Perform these steps 24 hours to 1 hour before the maintenance window.

  1. Provision "Jumpbox" VM:

    • Create a small Ubuntu VM (e.g., AWS t3.medium) in AWS Ireland (eu-west-1).
    • Why: Keeps traffic inside the AWS internal network for maximum speed.
    • Install Tools on VM:

      wget https://fastdl.mongodb.org/tools/db/mongodb-database-tools-ubuntu2204-x86_64-100.9.4.tgz
      tar -zxvf mongodb-database-tools-*.tgz
      sudo cp mongodb-database-tools-*/bin/* /usr/local/bin/
      
  2. Verify Access:

    • Allow the VM's private IP in the MongoDB Atlas Network Access whitelist.
    • Test connection from VM: mongosh "mongodb+srv://<CLUSTER_HOST>" --username admin
  3. Prepare Application:
    • Prepare the new environment variable string: .../syrf-prod?retryWrites=true...
    • Ensure you have a way to stop/start the app services quickly.

🚀 Phase 2: Execution (Maintenance Window)

Step 1: Scale Up Cluster (Critical)

Time required: ~5-10 mins (Rolling update)

  1. Log in to MongoDB Atlas.
  2. Navigate to Database > Cluster0 > Configuration.
  3. Change Tier from M20 to M40 (16GB RAM).
    • Reasoning: You have 8GB of indexes.

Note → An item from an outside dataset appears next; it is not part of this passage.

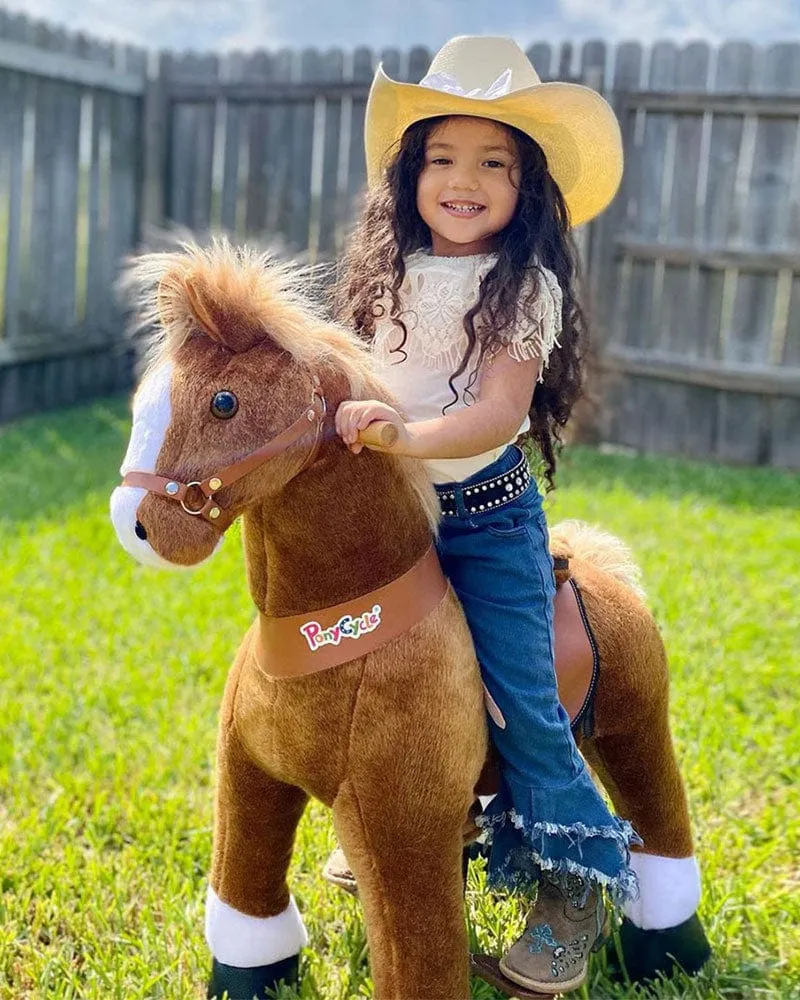 Brown Ride On Walking Toy Horse Pony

M20 (4GB RAM) will crash/thrash during index rebuilds. M40 ensures indexes fit in RAM for a fast rebuild.
  4. Wait for the cluster status to return to strictly Green/Active.

Step 2: Stop Traffic

  1. Stop your application containers/services.
    • Ensure no writes are hitting syrftest to prevent data loss.

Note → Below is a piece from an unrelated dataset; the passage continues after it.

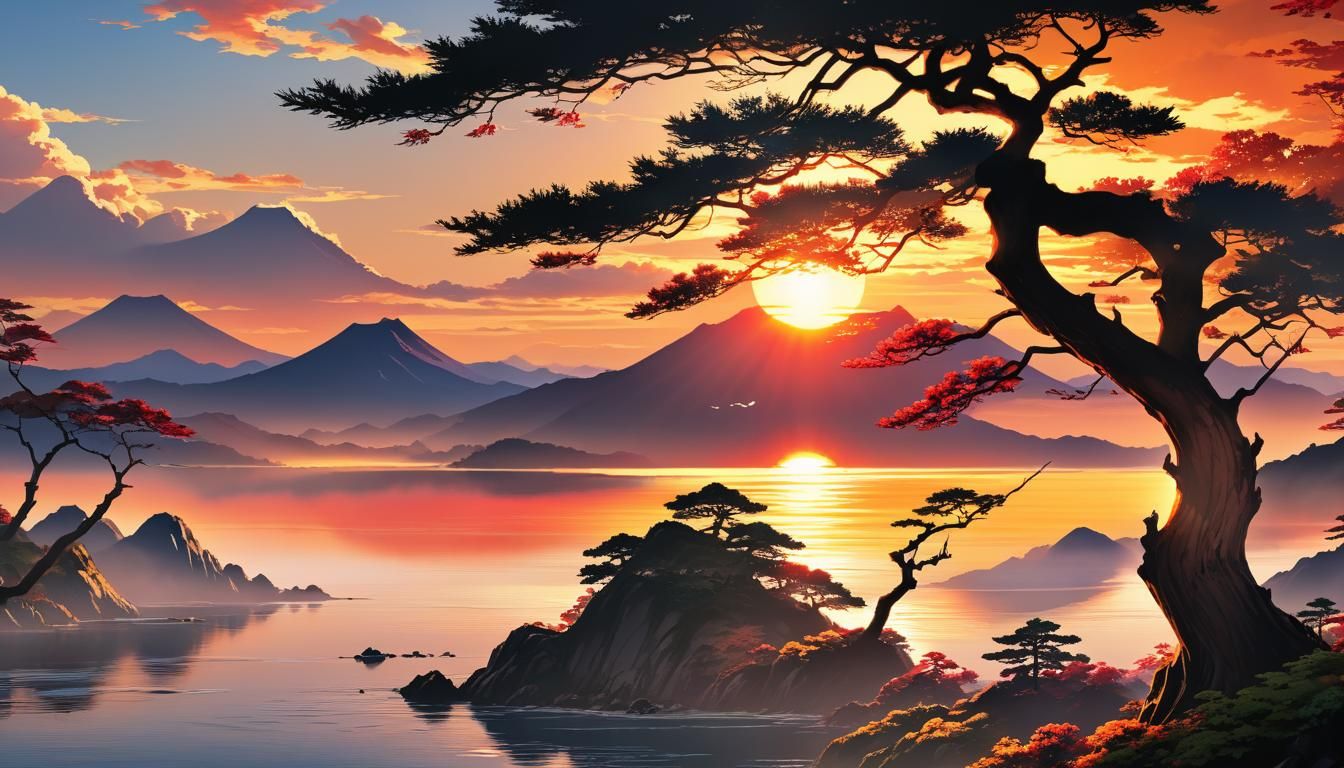 Japanese Style Sunrise Digital Art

Step 3: Run the Migration Pipeline

Run this from the Jumpbox VM, not your local machine.

# 1. Export Connection Variables
# Replace with your actual credentials
export ATLAS_URI="mongodb+srv://admin:YOUR_PASSWORD_HERE@cluster0.abcde.mongodb.net"
export OLD_DB="syrftest"
export NEW_DB="syrf-prod"

# 2. Run the Streaming Migration
# This pipes dump directly to restore without saving to disk.
# --numParallelCollections=4: Optimises throughput
# --stopOnError: Halts immediately if a critical issue occurs

echo "Starting migration from $OLD_DB to $NEW_DB..."

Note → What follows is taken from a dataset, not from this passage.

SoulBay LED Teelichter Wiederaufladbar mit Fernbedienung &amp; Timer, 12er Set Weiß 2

mongodump --uri="$ATLAS_URI/$OLD_DB" --archive | \
mongorestore --uri="$ATLAS_URI/$NEW_DB" --archive \
  --nsFrom="$OLD_DB.*" \
  --nsTo="$NEW_DB.*" \
  --numParallelCollections=4 \
  --stopOnError
  • What to expect:
  • You will see a flurry of activity as documents are copied.
  • The Pause: The terminal will pause at the end. Do not panic. This is the M40 cluster rebuilding the 31 indexes for pmStudy. It may take 5–15 minutes.

🔍 Phase 3: Verification

Run these commands in mongosh or check via the Atlas UI Data Explorer.

1. Check Document Counts:

use syrf-prod
// Should match ~3.1M
db.pmStudy.countDocuments()
// Should match ~4.6k
db.pmInvestigator.countDocuments()

2. Verify Views: Check that the view pmInvestigatorEmail exists and returns data (views are sometimes skipped if dependencies aren't found, though mongorestore usually handles them at the end).

db.pmInvestigatorEmail.findOne()

3. Verify Indexes: Ensure pmStudy has 31 indexes.

db.pmStudy.getIndexes().length
// Expected Output: 31

🟢 Phase 4: Cutover & Cleanup

  1. Update Application Config:
    • Change MONGODB_URI (or equivalent) in your .env or secrets manager to point to syrf-prod.
  2. Start Application:
    • Boot up your services.
    • Tail logs to ensure successful connection and no Unauthorized or NamespaceNotFound errors.
  3. Scale Down:
    • Once the app is stable (e.g., after 1 hour of monitoring), go back to Atlas.
    • Scale Cluster0 back down to M20.
    • Note: Using M40 for \<1 hour will cost pennies.
  4. Drop Old DB (Optional but Recommended later):
    • Keep syrftest for 24-48 hours as a backup.
    • Delete it via Atlas UI when confident: db.dropDatabase()

⚠️ Rollback Plan

If the migration fails or takes too long.

  1. Abort Command: Ctrl+C the migration script on the VM.
  2. Revert App Config: Ensure app config still points to syrftest.
  3. Restart App: Bring services back online pointing to the old DB.
  4. Cleanup: Drop the partially created syrf-prod database to avoid confusion.
  5. Scale Down: Return cluster to M20.